See https://github.com/NVIDIA-AI-IOT/deepstream_tlt_apps/tree/master/TRT-OSS/Jetson, it is necessary to replace “libnvinfer_plugin.so*”.

The reason is mentioned in tlt user guide. (https://docs.nvidia.com/metropolis/TLT/tlt-getting-started-guide/index.html#intg_yolov3_model)

Prerequisite for YOLOv3 model

  1. YOLOv3 requires batchTilePlugin, resizeNearestPlugin and batchedNMSPlugin. This plugin is available in the TensorRT open source repo, but not in TensorRT 7.0. Detailed instructions to build TensorRT OSS can be found in TensorRT Open Source Software (OSS).

Thank you for your help, I have replaced “libnvinfer_plugin.so.7.1.3*” with my own build. I found that SSD , DSSD , RetinaNet and Detectnet_v2 can run successfully, but Yolov3 can’t.

Trying to create engine from model files
ERROR: [TRT]: IPluginV2DynamicExt requires network without implicit batch dimension
Segmentation fault (core dumped)

Please share your command along with full log.

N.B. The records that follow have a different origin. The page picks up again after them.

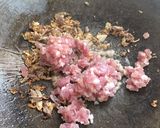 รูปขั้นตอนการทำที่ 1 ของ “ผัดเห็ดฟางเต้าหู้ไข่”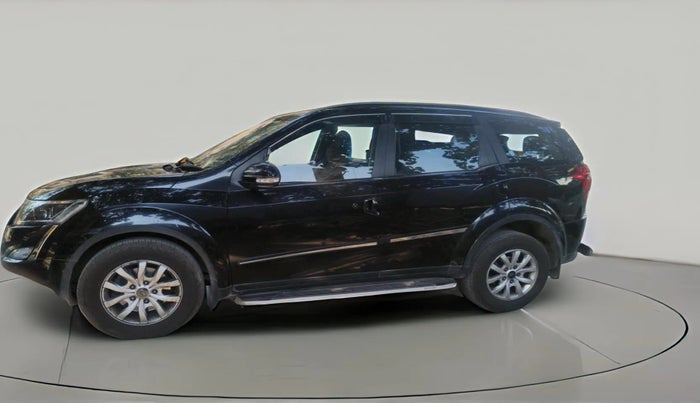 2021 Mahindra XUV500 W9, Diesel, Manual, 73,316 km, exterior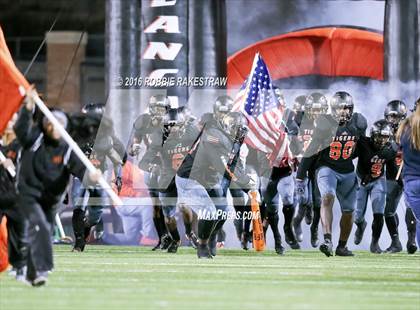 Thumbnail 2 in Wylie East vs. Lancaster (UIL 5A Regional Quarterfinal Playoff) photogallery.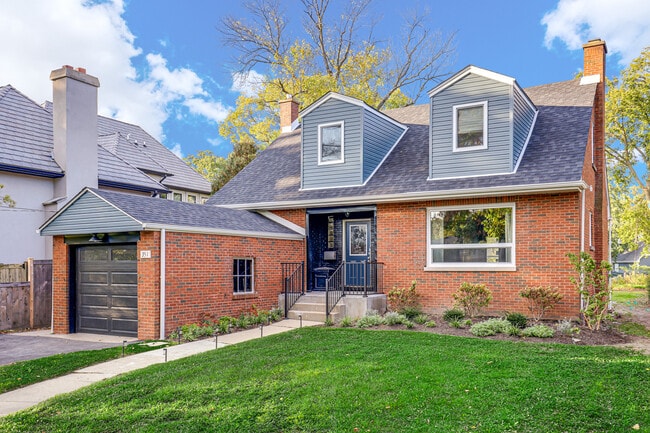 Building Photo - 351 Jefferson Ave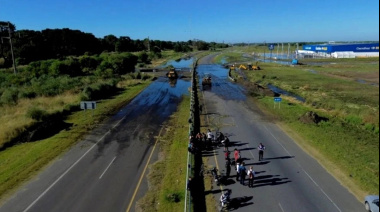 Caos por derrame cloacal en Pinamar: inundó la Ruta 11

nvidia@nvidia-desktop:~/Public/deepstream_tlt_apps$ ./deepstream-custom -c pgie_yolov3_tlt_config.txt -i $DS_SRC_PATH/samples/streams/sample_720p.h264 -d
Warning: ‘input-dims’ parameter has been deprecated. Use ‘infer-dims’ instead.
Now playing: pgie_yolov3_tlt_config.txt

Using winsys: x11
Opening in BLOCKING MODE
0:00:00.201417692 29126 0x5593a1b870 INFO nvinfer gstnvinfer.cpp:619:gst_nvinfer_logger: NvDsInferContext[UID 1]: Info from NvDsInferContextImpl::buildModel() <nvdsinfer_context_impl.cpp:1715> [UID = 1]: Trying to create engine from model files
ERROR: [TRT]: IPluginV2DynamicExt requires network without implicit batch dimension
Segmentation fault (core dumped)
nvidia@nvidia-desktop:~/Public/deepstream_tlt_apps$

I didn’t modify any configuration files。

Please create a new TLT forum topic and paste your command/log/config-file.
Thanks.

OK,I’ve created a new TLT forum topic. (TLT-deepstream sample app problems : I found thatFRCNN, SSD , DSSD , RetinaNet and Detectnet_v2 can run successfully, but Yolov3 can’t)